Low benefits in the Temporary Assistance for Needy Families (TANF) program are rooted in historical racism, especially in the South, where cash assistance has been consistently weaker since policymakers created TANF’s predecessor nearly a century ago. The result is now a program that does not cover the basic needs of low-income families during times of joblessness, illness, or disability.
Low TANF benefits disproportionately affect what’s available to Black children, 55 percent of whom now live in a state with benefit levels at or below 20 percent of the poverty line. But these low benefits also affect Latinx and white children: 41 percent of Latinx children and 40 percent of white children live in these low-benefit states.
While benefits have declined in all states, the decline has been most dramatic in the South. About 3 million Black children (31 percent of the national total) live in four southern states — Florida, Georgia, North Carolina, and Texas — that have benefits at or below 17 percent of the poverty line for a family of three, or about $308 a month. Florida, Georgia, and North Carolina have not increased benefits since the early 1990s, and benefits in Texas remain extremely low despite small annual increases since 2010.
Federal and state policies have driven the geographic disparity in benefit levels. States have had the power to set benefits since policymakers created TANF’s predecessor, Aid to Families with Dependent Children (AFDC), in 1935. At the time, a crucial bloc of Southern members of Congress successfully lobbied for substantial state and local control over AFDC to guard against the perceived threat that an expanded federal government posed to the South’s white supremacist socioeconomic order, which was built upon the cheap labor of vulnerable Black Southerners.
In AFDC’s early years, some states deliberately provided lower benefits to Black families, if they accepted their application for aid at all. Some Southern states installed “farm policies” that lowered or cut off benefits during planting or harvesting seasons to coerce Black parents and children as young as 7 to work in the fields for extremely low wages. By 1958, 20 states (15 of them Southern) had implemented “maximum family grants” — a ceiling set irrespective of family size — as another strategy to keep benefits low.

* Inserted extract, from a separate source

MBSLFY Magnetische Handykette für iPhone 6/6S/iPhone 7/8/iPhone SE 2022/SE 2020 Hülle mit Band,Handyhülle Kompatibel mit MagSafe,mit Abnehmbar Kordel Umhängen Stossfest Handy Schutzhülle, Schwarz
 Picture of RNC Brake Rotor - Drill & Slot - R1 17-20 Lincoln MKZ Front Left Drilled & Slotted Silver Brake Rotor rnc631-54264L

Despite victories by the National Welfare Rights Organization (NWRO) and legal aid organizations against AFDC’s restrictive eligibility policies in the 1960s and ‘70s, benefit levels remained under states’ control with no federal regulation. In 1970, the median maximum AFDC benefit for a family of three in the 16 Southern states (as defined by the Census Bureau) was 46 percent of the federal poverty line, compared to 85 percent for non-Southern states.
Fifty years later, the median maximum TANF benefit for a family of three in the South had fallen to 16 percent of poverty, compared to 30 percent for non-Southern states. Maryland and Virginia are now the only Southern states with benefits above 20 percent of poverty; benefits in Mississippi, which were already a mere 22 percent of poverty in 1970, have fallen to just 9 percent in 2020. (See below for an interactive map.)
States’ flexibility to set benefits without meeting any federal requirements has enabled them to continue their past racist policies and keep benefits extremely low. Since 1996, benefits have fallen by 20 percent or more in 33 states — affecting not just Black families facing a crisis but any family with such struggles. To make TANF benefits more adequate, the federal government and the states should invest more funds in cash assistance and establish mechanisms to prevent benefits from eroding in the future.
Note: Policymakers replaced AFDC with TANF in 1996. Calculations are based on the maximum AFDC/TANF benefit available to a family of three.
Source: 2020 Health and Human Services Poverty Guidelines. Prior to 1982, poverty guidelines were published by the Office of Economic Opportunity. TANF benefits collected by CBPP from various sources, including HHS, University of Kentucky Poverty Research Center, and Urban Institute Welfare Rules Database.